Within the records below is a range that opens at the line with "Oehler OL 100N" and closes at the line with "Kask rowerowy AUTHOR". Return that range word for word, both ends included, and only that range.

++++++

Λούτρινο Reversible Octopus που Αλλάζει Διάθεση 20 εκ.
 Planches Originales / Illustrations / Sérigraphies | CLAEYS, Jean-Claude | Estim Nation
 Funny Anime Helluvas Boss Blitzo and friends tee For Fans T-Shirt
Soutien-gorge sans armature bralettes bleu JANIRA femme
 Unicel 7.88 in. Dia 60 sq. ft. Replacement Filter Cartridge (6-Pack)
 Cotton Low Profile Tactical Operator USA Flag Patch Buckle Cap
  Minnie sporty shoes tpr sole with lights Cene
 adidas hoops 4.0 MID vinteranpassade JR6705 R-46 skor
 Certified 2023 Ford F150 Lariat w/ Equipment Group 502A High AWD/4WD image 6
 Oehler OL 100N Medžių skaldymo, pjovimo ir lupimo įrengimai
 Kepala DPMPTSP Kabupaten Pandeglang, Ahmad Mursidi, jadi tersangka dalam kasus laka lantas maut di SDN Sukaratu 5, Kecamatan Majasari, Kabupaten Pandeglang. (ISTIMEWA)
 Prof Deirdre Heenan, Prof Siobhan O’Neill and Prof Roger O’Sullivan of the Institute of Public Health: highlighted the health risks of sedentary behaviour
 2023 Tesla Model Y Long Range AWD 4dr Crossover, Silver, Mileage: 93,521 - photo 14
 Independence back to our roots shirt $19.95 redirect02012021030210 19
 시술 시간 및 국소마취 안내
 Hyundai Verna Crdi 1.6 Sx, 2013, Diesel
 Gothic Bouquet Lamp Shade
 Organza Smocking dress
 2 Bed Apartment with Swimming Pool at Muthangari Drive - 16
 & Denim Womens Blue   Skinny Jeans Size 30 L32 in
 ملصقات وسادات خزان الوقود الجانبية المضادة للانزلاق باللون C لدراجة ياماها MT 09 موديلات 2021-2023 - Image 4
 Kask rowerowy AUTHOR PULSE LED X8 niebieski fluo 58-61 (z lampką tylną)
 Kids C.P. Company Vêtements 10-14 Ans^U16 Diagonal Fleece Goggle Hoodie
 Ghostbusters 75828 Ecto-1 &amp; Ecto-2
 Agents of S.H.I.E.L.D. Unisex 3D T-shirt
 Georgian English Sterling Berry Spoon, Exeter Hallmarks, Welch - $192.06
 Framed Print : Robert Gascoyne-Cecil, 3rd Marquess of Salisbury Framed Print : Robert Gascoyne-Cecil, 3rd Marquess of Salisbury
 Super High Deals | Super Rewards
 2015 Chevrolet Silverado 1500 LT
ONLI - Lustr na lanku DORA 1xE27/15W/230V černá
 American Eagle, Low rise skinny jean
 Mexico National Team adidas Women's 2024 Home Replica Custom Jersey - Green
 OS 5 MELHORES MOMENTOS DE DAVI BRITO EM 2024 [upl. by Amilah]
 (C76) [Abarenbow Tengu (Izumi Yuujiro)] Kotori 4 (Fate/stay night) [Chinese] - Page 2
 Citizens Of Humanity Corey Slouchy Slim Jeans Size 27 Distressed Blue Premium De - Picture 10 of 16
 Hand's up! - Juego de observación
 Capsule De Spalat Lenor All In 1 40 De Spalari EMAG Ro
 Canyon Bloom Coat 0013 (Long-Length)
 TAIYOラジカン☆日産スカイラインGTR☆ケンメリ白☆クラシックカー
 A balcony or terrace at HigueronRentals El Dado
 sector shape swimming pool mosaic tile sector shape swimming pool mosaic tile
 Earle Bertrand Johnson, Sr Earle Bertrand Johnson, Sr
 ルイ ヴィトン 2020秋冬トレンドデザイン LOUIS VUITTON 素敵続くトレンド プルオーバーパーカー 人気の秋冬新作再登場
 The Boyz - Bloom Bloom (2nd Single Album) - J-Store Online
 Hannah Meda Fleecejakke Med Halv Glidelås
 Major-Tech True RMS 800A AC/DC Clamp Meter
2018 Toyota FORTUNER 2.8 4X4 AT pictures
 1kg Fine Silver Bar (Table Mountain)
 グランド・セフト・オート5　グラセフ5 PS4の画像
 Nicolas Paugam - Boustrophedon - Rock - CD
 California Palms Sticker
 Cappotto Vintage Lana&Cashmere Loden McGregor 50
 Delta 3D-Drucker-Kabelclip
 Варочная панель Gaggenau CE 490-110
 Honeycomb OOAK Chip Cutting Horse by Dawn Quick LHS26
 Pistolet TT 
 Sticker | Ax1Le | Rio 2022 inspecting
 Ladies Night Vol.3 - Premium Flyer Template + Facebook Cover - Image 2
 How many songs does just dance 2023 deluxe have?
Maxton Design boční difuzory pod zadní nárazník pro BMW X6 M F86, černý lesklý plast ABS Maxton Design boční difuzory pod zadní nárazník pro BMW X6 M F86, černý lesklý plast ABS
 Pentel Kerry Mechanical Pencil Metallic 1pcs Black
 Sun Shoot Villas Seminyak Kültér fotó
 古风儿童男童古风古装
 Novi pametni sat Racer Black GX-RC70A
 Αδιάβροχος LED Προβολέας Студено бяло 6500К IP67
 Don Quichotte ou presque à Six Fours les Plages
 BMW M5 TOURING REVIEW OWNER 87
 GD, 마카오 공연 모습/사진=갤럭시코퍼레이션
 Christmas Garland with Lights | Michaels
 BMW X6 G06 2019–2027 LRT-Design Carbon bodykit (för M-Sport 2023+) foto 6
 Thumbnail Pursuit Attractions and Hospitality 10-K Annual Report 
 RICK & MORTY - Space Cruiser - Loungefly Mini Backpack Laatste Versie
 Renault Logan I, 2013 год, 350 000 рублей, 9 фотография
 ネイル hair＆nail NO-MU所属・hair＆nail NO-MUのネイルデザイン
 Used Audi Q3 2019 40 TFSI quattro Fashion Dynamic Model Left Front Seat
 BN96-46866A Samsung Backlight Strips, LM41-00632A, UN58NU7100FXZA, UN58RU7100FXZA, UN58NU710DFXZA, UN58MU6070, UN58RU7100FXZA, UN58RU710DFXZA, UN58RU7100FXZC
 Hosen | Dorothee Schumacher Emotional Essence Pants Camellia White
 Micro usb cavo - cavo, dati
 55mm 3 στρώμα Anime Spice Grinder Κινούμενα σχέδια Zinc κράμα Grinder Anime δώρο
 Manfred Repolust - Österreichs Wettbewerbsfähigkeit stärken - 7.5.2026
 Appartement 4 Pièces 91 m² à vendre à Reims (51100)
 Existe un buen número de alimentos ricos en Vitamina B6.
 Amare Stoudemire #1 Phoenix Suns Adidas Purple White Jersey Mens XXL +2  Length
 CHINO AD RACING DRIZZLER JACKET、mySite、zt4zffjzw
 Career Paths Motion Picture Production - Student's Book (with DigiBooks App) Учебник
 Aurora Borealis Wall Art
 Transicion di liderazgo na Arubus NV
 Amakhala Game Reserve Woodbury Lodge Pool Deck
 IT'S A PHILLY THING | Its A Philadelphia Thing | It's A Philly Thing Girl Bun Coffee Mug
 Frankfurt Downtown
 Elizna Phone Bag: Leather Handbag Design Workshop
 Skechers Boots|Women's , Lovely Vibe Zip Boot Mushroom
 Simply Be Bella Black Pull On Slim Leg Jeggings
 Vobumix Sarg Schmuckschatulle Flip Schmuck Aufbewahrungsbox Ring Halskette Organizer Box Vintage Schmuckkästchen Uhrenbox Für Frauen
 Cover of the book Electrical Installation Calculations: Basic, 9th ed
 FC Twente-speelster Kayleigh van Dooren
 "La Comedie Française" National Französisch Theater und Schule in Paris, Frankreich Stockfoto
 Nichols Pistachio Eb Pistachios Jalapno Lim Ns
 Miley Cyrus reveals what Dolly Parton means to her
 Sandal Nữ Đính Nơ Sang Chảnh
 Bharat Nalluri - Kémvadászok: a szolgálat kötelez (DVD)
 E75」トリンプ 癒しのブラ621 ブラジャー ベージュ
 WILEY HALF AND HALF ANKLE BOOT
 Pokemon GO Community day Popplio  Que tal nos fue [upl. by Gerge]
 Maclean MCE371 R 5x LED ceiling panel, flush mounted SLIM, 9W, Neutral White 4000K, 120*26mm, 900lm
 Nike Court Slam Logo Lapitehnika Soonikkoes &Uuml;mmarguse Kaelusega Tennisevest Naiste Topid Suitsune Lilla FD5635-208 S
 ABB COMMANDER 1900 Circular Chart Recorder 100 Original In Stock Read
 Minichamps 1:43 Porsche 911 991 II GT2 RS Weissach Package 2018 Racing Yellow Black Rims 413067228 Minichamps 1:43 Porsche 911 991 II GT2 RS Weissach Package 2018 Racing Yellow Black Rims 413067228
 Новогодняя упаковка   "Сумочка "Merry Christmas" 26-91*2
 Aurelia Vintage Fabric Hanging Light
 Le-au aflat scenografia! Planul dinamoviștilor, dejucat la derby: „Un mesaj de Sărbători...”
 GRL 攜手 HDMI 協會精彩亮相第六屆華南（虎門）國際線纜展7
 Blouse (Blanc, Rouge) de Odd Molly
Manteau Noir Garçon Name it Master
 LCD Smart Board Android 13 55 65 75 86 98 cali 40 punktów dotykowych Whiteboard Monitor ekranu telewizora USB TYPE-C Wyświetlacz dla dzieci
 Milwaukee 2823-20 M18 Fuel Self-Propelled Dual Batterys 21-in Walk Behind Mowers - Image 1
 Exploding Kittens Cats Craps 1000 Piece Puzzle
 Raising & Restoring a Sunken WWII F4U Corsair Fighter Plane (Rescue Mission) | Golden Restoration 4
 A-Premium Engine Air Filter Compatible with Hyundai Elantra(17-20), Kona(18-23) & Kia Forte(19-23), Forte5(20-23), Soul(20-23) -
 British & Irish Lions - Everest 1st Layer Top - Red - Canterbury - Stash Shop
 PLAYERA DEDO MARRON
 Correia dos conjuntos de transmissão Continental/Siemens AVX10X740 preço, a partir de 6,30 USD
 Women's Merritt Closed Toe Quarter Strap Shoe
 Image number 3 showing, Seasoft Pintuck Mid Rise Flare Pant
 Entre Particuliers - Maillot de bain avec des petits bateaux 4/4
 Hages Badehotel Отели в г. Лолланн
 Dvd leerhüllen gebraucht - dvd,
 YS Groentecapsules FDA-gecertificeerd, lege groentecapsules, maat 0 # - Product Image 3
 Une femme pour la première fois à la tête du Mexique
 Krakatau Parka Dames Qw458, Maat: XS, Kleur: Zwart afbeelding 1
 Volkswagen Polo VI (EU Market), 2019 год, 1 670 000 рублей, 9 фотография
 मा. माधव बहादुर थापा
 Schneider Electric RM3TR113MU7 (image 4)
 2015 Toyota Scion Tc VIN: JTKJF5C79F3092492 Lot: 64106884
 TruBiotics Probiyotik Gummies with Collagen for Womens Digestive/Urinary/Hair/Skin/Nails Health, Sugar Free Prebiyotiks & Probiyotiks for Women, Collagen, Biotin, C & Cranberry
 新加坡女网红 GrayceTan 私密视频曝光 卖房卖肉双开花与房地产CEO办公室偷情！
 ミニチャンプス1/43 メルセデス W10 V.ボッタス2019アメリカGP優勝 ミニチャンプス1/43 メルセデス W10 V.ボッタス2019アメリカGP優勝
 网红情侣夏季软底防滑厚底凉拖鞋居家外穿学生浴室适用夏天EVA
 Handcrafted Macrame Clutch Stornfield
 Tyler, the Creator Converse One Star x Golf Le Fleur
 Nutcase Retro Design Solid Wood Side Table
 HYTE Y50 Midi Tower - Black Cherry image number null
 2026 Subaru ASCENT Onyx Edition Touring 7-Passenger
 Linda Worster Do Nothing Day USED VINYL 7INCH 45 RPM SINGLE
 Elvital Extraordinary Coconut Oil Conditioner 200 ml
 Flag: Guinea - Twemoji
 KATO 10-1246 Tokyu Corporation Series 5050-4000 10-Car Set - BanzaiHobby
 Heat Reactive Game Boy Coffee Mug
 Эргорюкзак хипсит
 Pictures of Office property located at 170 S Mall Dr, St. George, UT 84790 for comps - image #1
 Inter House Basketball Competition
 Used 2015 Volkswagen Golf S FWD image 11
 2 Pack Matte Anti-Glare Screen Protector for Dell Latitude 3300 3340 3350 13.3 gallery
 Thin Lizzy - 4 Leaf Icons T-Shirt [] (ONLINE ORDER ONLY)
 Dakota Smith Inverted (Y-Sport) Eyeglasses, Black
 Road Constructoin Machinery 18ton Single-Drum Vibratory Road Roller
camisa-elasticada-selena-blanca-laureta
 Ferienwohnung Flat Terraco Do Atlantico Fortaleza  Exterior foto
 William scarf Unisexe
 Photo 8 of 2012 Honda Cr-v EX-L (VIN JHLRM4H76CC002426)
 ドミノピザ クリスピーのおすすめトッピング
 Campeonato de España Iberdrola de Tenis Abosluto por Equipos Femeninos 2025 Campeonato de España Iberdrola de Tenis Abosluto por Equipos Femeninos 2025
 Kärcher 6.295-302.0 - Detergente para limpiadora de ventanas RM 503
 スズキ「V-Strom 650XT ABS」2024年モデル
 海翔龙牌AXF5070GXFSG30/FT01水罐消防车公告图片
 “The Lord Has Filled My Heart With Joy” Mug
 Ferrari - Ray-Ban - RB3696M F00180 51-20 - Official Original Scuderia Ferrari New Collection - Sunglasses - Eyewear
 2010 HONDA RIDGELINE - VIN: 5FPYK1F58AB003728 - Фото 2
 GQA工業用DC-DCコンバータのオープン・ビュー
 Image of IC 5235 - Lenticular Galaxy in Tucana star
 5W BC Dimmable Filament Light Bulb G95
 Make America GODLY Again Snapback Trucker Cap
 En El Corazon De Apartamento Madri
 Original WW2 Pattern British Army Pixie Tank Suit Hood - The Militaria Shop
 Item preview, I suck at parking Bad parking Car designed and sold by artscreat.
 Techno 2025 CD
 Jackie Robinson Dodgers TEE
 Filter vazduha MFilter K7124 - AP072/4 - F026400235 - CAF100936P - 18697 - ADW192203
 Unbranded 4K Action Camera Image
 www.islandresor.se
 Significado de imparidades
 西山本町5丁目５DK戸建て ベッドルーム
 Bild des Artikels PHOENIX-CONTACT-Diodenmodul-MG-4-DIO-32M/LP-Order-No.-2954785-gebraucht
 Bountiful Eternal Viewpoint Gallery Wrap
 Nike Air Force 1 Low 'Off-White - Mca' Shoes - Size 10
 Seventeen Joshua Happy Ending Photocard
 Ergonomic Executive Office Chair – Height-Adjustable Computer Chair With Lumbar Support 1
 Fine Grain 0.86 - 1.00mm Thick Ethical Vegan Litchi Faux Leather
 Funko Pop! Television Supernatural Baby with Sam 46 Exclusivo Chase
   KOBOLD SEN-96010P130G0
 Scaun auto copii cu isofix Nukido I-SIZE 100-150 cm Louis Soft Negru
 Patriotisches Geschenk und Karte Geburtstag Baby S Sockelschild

++++++

§ **OUTPUT**
 Oehler OL 100N Medžių skaldymo, pjovimo ir lupimo įrengimai
 Kepala DPMPTSP Kabupaten Pandeglang, Ahmad Mursidi, jadi tersangka dalam kasus laka lantas maut di SDN Sukaratu 5, Kecamatan Majasari, Kabupaten Pandeglang. (ISTIMEWA)
 Prof Deirdre Heenan, Prof Siobhan O’Neill and Prof Roger O’Sullivan of the Institute of Public Health: highlighted the health risks of sedentary behaviour
 2023 Tesla Model Y Long Range AWD 4dr Crossover, Silver, Mileage: 93,521 - photo 14
 Independence back to our roots shirt $19.95 redirect02012021030210 19
 시술 시간 및 국소마취 안내
 Hyundai Verna Crdi 1.6 Sx, 2013, Diesel
 Gothic Bouquet Lamp Shade
 Organza Smocking dress
 2 Bed Apartment with Swimming Pool at Muthangari Drive - 16
 & Denim Womens Blue   Skinny Jeans Size 30 L32 in
 ملصقات وسادات خزان الوقود الجانبية المضادة للانزلاق باللون C لدراجة ياماها MT 09 موديلات 2021-2023 - Image 4
 Kask rowerowy AUTHOR PULSE LED X8 niebieski fluo 58-61 (z lampką tylną)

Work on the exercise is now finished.